··· Data to process

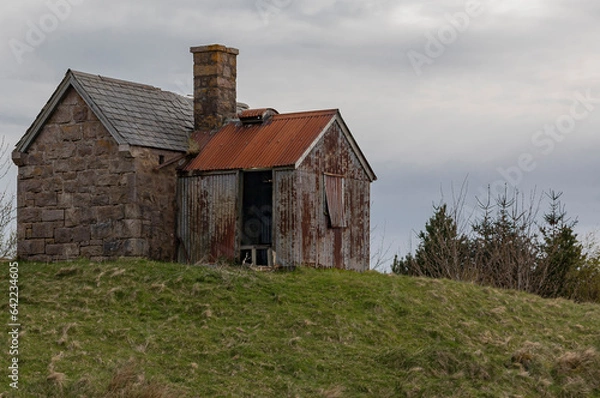 Obraz Old shepherds hut up on a hill
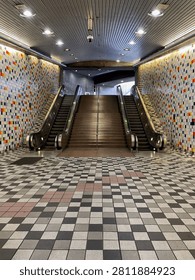 Empty underground subway station with escalators, central stairs, and colorful mosaic tile walls
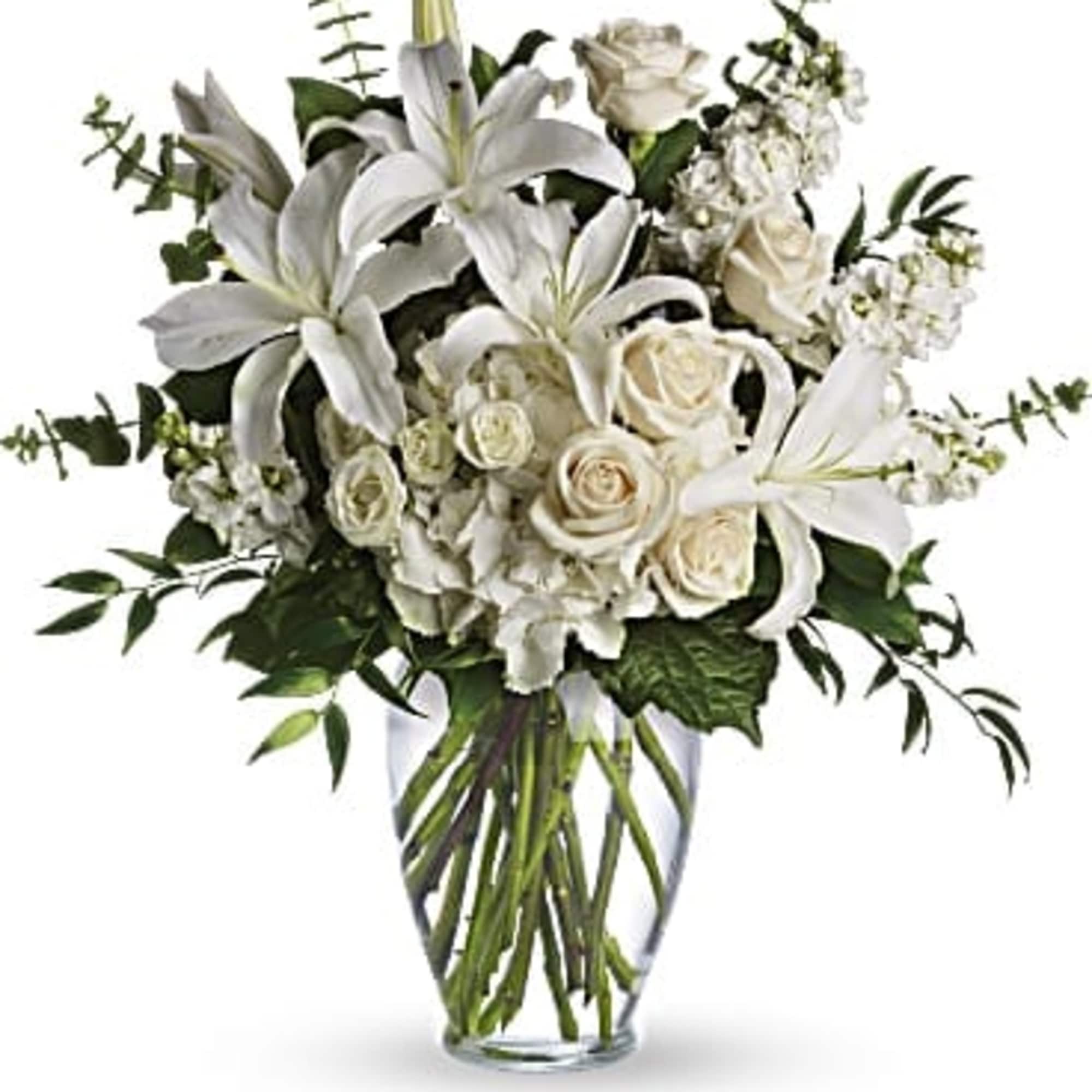 This gorgeous bouquet overflows with white hydrangea, cr&egrave;me roses, white spray roses
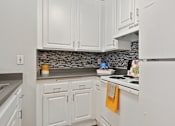 Thumbnail 14 of 15 - Spacious kitchen with pantry cabinet at Twenty 2 Eleven Apartment Homes, CA, 91306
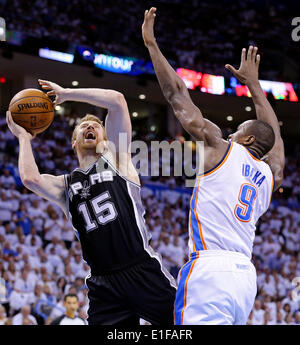 May 31, 2014 - Oklahoma City, OKLAHOMA, USA - San Antonio Spurs' Matt Bonner shoots around Oklahoma City Thunder's Serge Ibaka during first half action in Game 6 of the Western Conference finals Saturday May 31, 2014 at Chesapeake Energy Arena in Oklahoma City, OK. (Credit Image: © San Antonio Express-News/ZUMAPRESS.com) Stock Photo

······

## [Instructions to follow]
From the records above, transcribe only the stretch from the line with "Empty underground subway" through the line with "This gorgeous bouquet", keeping both ends. Omit pictures.

## [Your response]
 Empty underground subway station with escalators, central stairs, and colorful mosaic tile walls
 This gorgeous bouquet overflows with white hydrangea, cr&egrave;me roses, white spray roses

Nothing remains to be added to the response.